Management of atrophic acne scars represents a therapeutic challenge for dermatologists, with no available standard effective treatment option [12]. Microneedling has gained marked popularity in the dermatology field for acne scar management, especially in the skin-of-color population. The microneedling process can stimulate new collagen, elastin, and new capillary formation in the papillary dermis. Several clinical studies have documented the efficacy of microneedling in acne scar management regardless of scar type or severity [13].

In the current research, the qualitative scoring of Goodman and Baron was significantly improved in the insulin side, with P <0.001, and the quantitative scoring decreased from 15.80 ± 3.91 to 7.87 ± 2.30, with 49.18% improvement.

On reviewing the literature, a few published studies have evaluated the efficacy of microneedling with topical insulin for treatment of post-acne scars. Pawar and Singh [14] used PRP with microneedling on the left side of the face and topical insulin with microneedling on the right side of the face (Actrapid insulin 40 IU/ml). The treatment protocol included four sessions at monthly intervals. To measure the progress, a qualitative grading system was used, with 45% improvement on the right side of the face (insulin) and only 26% improvement on the left (PRP). They concluded that both treatment modalities were associated with significant reduction in atrophic acne scars.

Also, Abbas et al. [15] conducted a split-face study to compare topical vitamin C with microneedling versus topical insulin (human Actrapid insulin 100 IU/ml solution) with microneedling for atrophic post-acne scar treatment. They did four sessions at monthly intervals. Statistically significant improvement in the value of ASAS on both sides of the face, with a slightly more improvement on the side treated with vitamin C, was noticed in their study.

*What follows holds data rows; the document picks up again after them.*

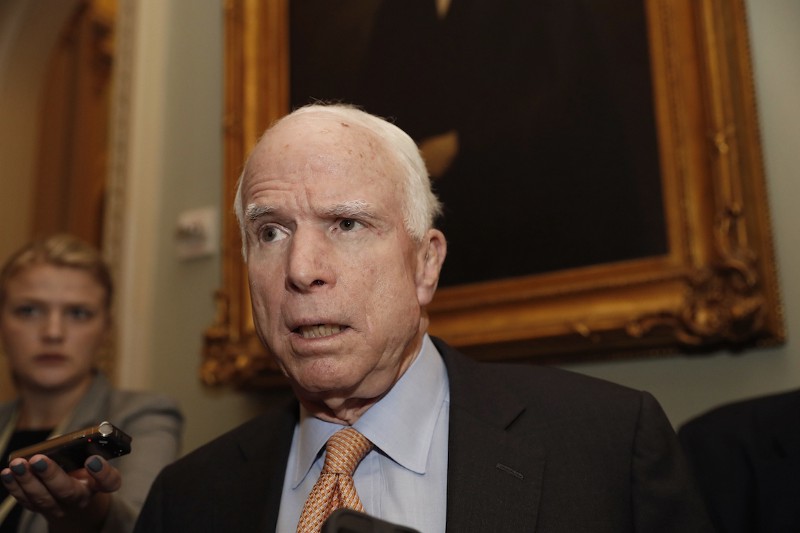 Sen. John McCain, R-Ariz. listens to a reporter’s question before a policy luncheon on Capitol Hill in Washington, Tuesday, April 25, 2017. CREDIT: AP/Alex Brandon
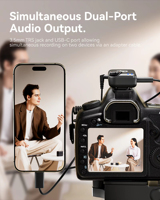 Microphone Sans Fil Hollyland Lark M2S USB-C pour iPhone, Caméra, Android, PC avec Réduction de Bruit pour Photographie, Vlog, Interview
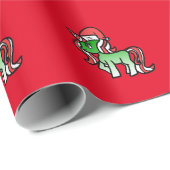 Cute Kerstmis Unicorn Wrapping Paper 2 Cadeaupapier (Rol Hoek)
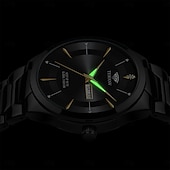 baratos Relógios Quartz-Relógio de quartzo masculino da moda com pulseira de aço, design simples e mostrador circular ipx7 à prova d&#039;água, calendário luminoso, data, relógio de quartzo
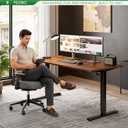 FEZIBO 55 x 30 Large Electric Standing Desk Height Adjustable, Walnut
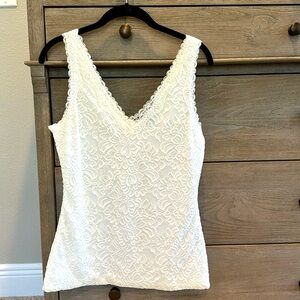 Soft white v-neck shell from WHBM in size small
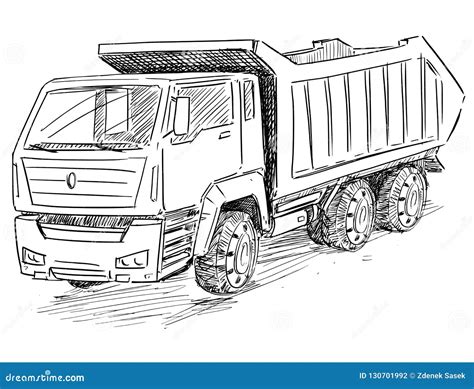 Vector Sketch Drawing Illustration of Dump Truck Stock Vector ...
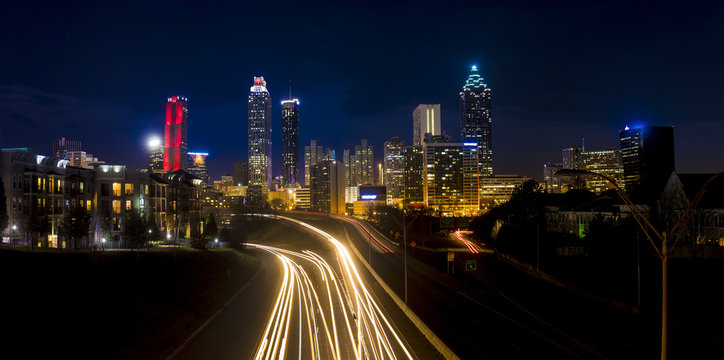 Downtown Atlanta Georgia at night panorama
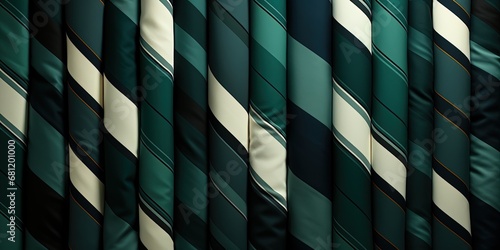 Dynamic Green and White Striped Pattern with Intriguing Interplay of Light and Shadow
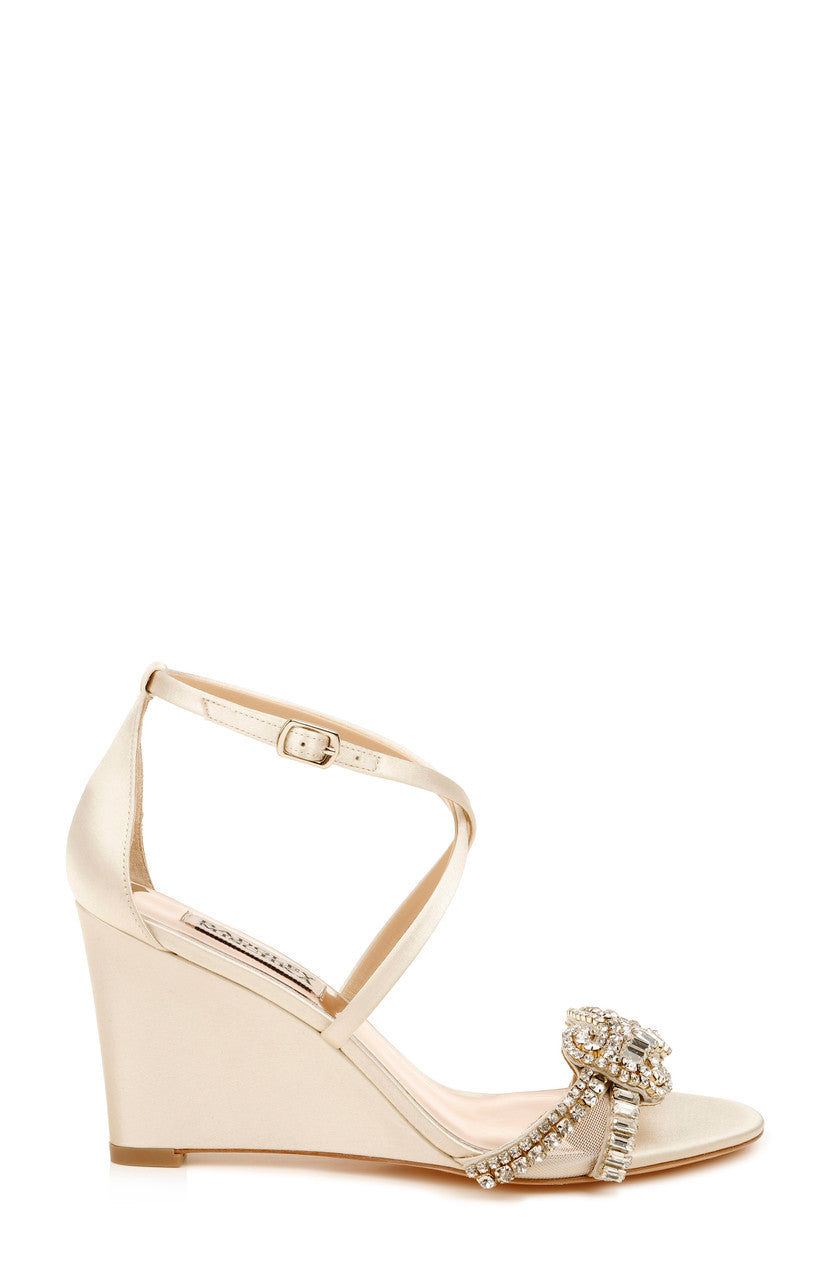 Ivory | Zabrina Embellished Strappy Wedge
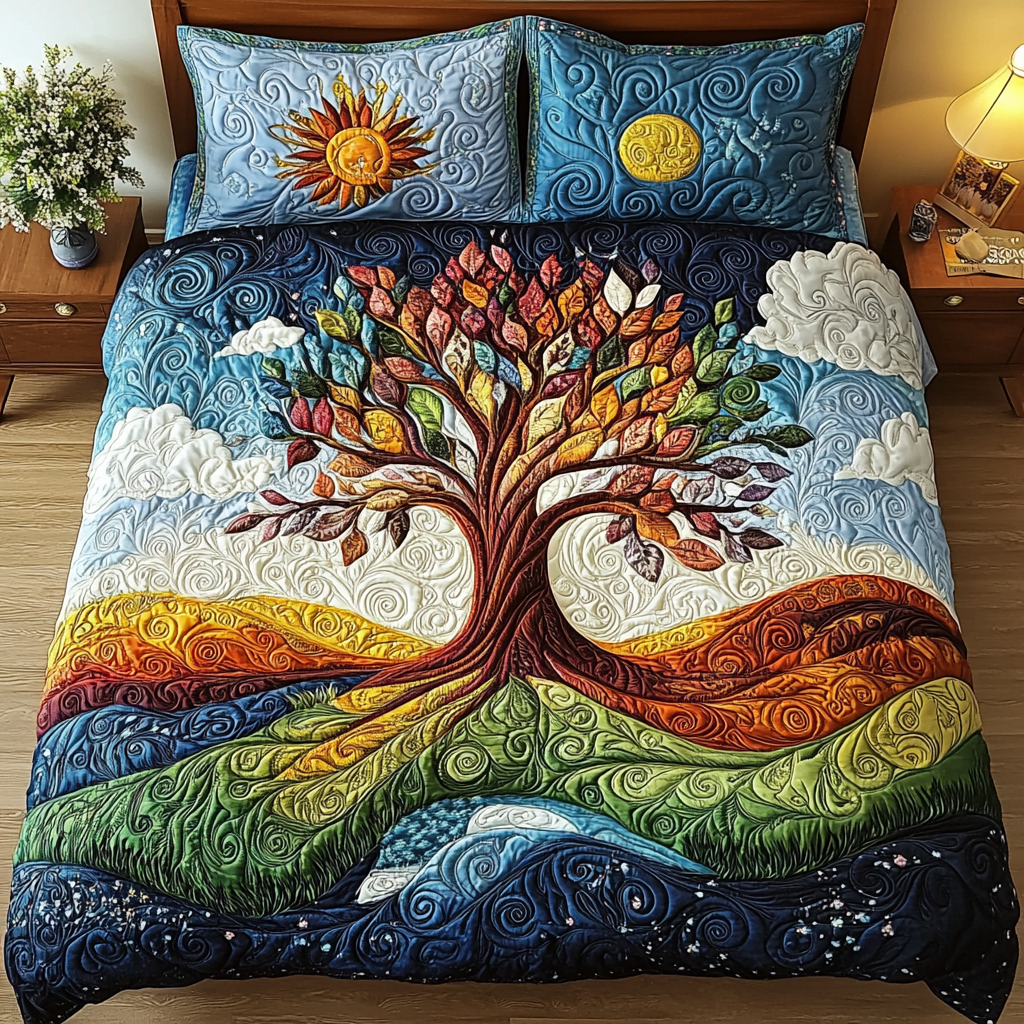 Vibrant Life Tree Quilted Bedding Set Exclusive Bedding Gift Set for Luxury Sleep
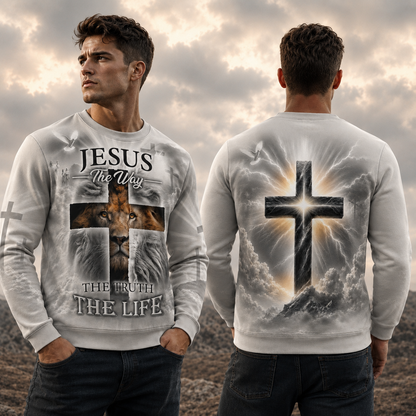 Jesus The Way The Truth The Life Lion Christian Sweatshirt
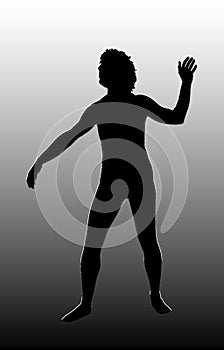 Black contour of a young man bare body isolated on gradient monochrome background.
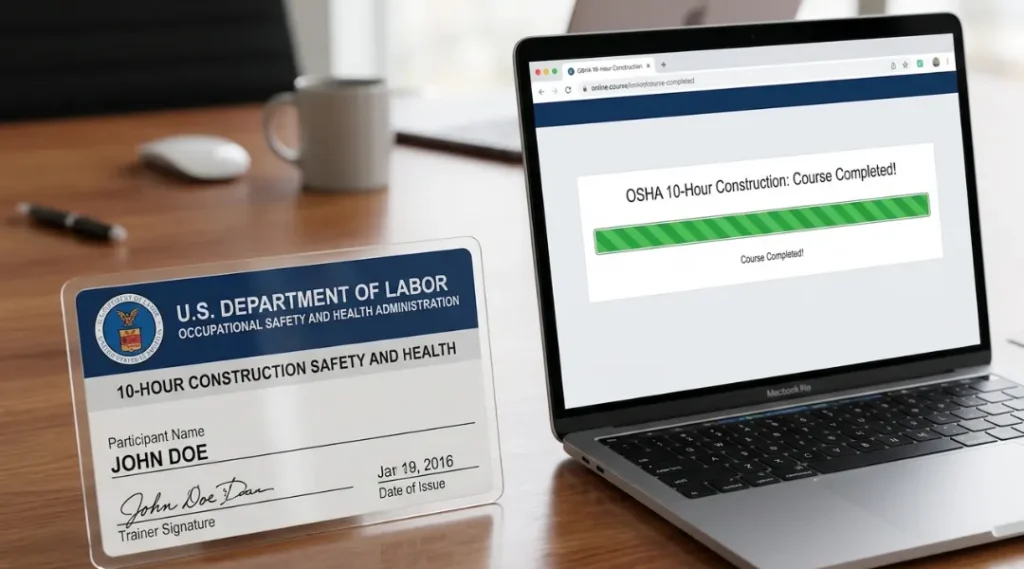 DOL OSHA course completion card from authorized online training provider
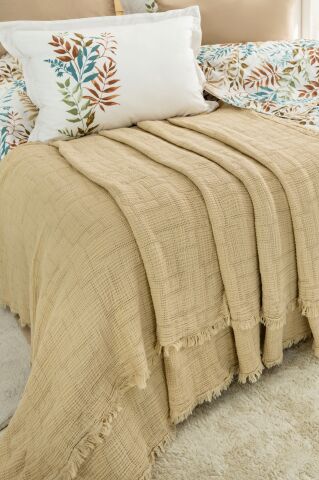 Özel Seri Jakarlı Pikeli Nevresim Takımı Linum Bej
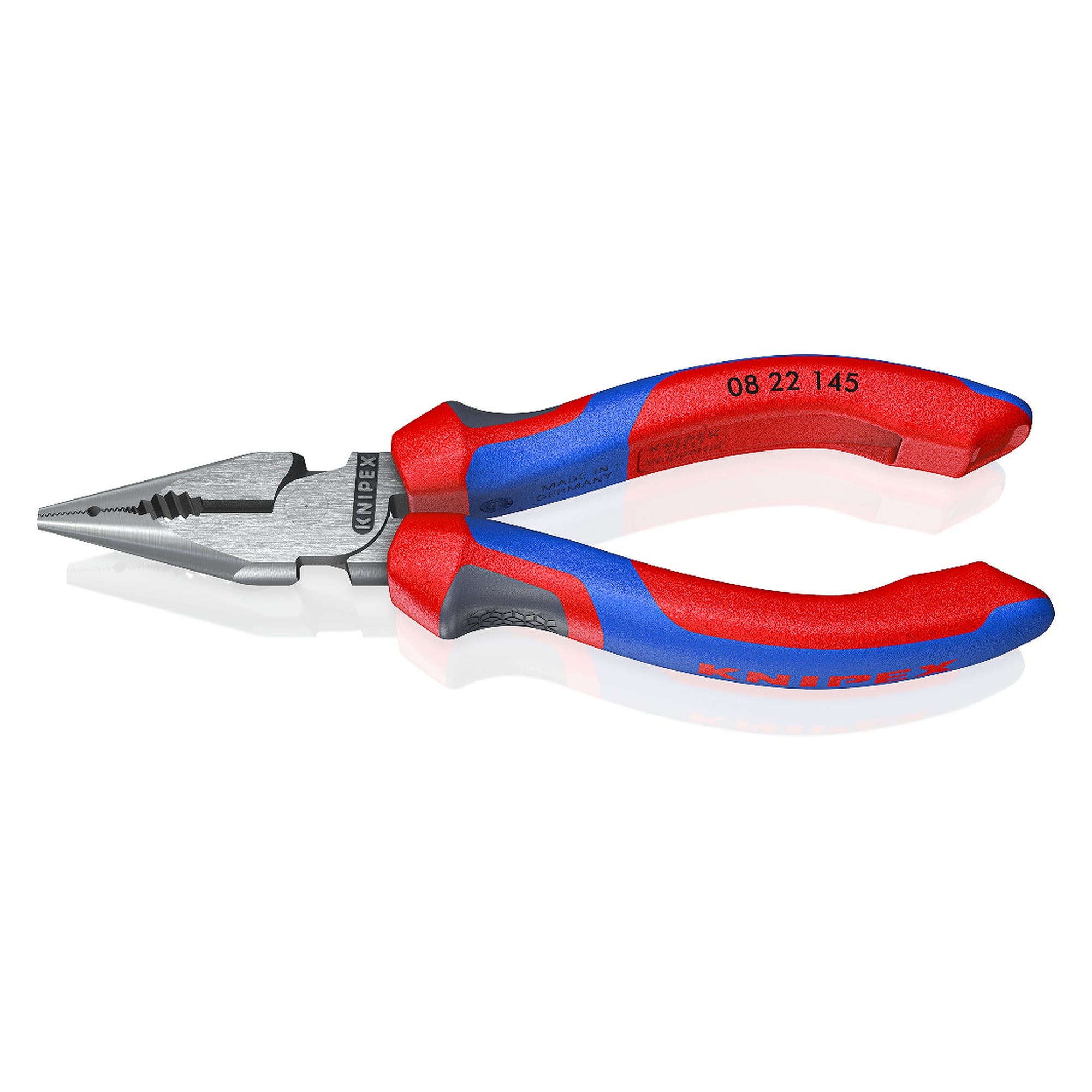 Needle-nose combination pliers with comfort handles and high leverage joint, 145 mm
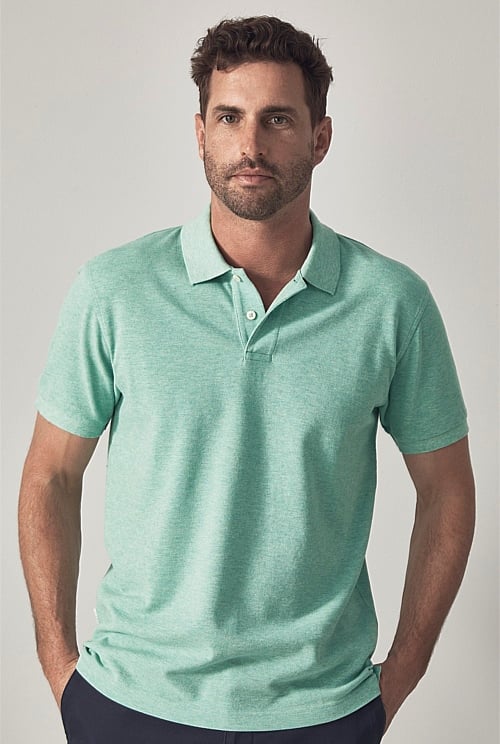 Mint Cotton Pique Marle Polo - MEN T-Shirts | Trenery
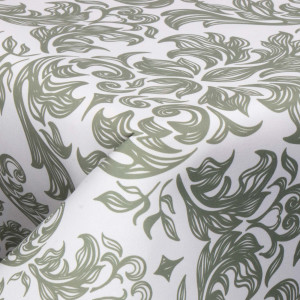 Borg Living Tekstil voksdug - 140 cm bred - 30 meters rulle - Green Damask - Voksdug med akrylbelægning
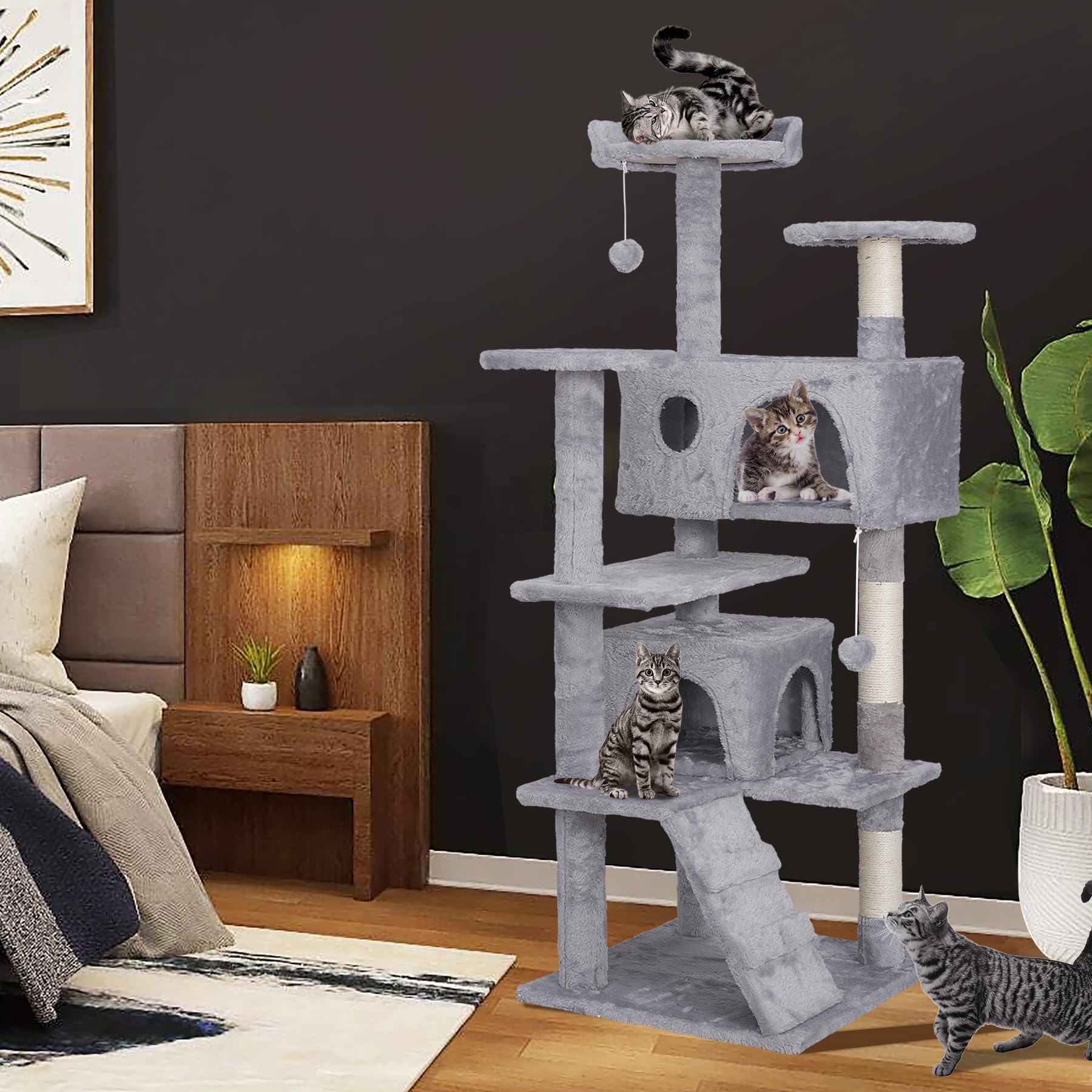 Epetlover 54-Inch Cat Tree Multi-Level Condo Tower Bed Furniture Kitten Play House With Scratching Posts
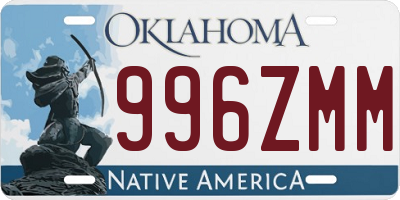 OK license plate 996ZMM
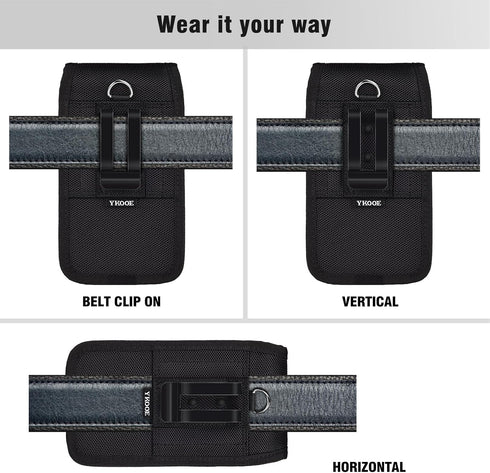 ykooe Dual Phone Holster Case with Belt Clip for Two Phones, for All iPhone Pro Max Plus (15 14 13 12 11), XS Max, Galaxy S24 S23 S22 S21 Plus/Ult...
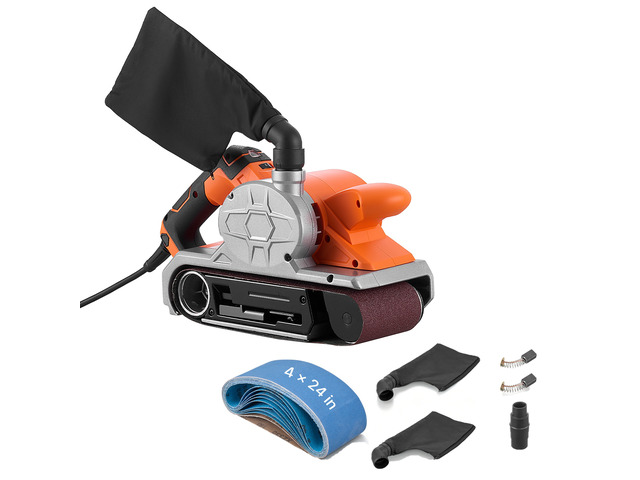VEVOR 11.5A Belt Sander 4' x 24' Woodworking Belt Sander 6 Variable Speeds, 900-1550 FPM Sanding Machine with 10PCS Sanding Belts, 2 Dust Bags &...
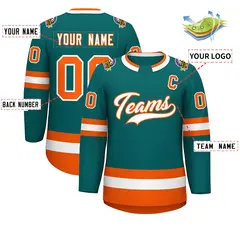 Teal White-Orange Classic Style Hockey Jersey 2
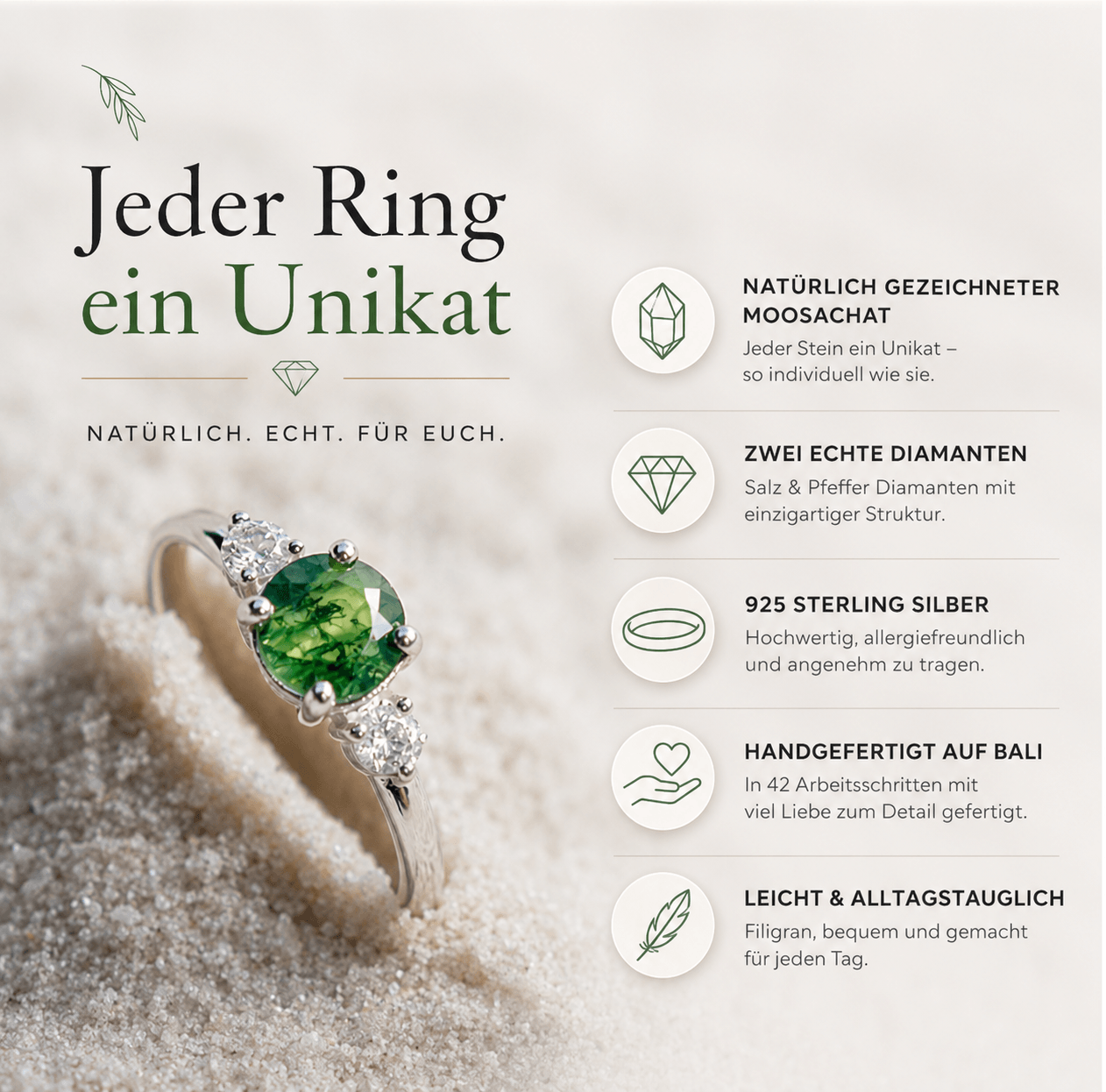 Moosachat & Diamanten Ring silber Unikat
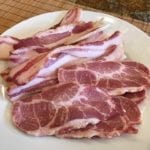 Slices of buckboard bacon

Insulin is recognized now an as important factor in the wound healing process. It acts on growth hormone receptors that are present in the skin, thus increasing re-epithelialization, collagen content, granulation tissue formation, and insulin-like growth factor production by fibroblasts [16]. In diabetic foot management, topical application of insulin improved re-epithelization rates [17]. This effect is achieved via regulation of the inflammatory process, reduction in reactive oxygen species (ROS) levels in the tissue, and induction of chemotaxis [16]. Moreover, intralesional injection and topical insulin spray prevented hypertrophic scar development after wound injuries in susceptible individuals [18].

On the HA-treated side in our study, the qualitative scoring of Goodman and Baron was significantly improved, with P < 0.001, and the quantitative scoring decreased from 14.07 ± 2.83 to 7.30 ± 2.34, with a 47.72% improvement.

The efficacy of microneedling with non-cross-linked hyaluronic acid was assessed by Amer et al. [19], who compared combined microneedling with PRP on the right side against microneedling and non-cross-linked hyaluronic acid on the left side of the face. The cases received four sessions at consecutive monthly intervals, showiing an improvement of 85.4% on the right side and 82.9% on the left side. This demonstrates that microneedling with non-cross-linked hyaluronic acid is effective in treating atrophic post-acne scars.scars.

An external file that holds a picture, illustration, etc. Object name is dp1403a183g001.jpg

A 29-year-old woman with acne scars of 5 years’ duration. (A) Insulin side before treatment. (B) Insulin side 3 months after the last session. (C) Hyaluronic acid side before treatment. (D) Hyaluronic acid side 3 months after the last session.

The suggested mechanisms of acne scar improvement with topical HA include maintenance of skin hydration, increased keratinocyte proliferation, migration, differentiation, and increased epidermal thickness [20].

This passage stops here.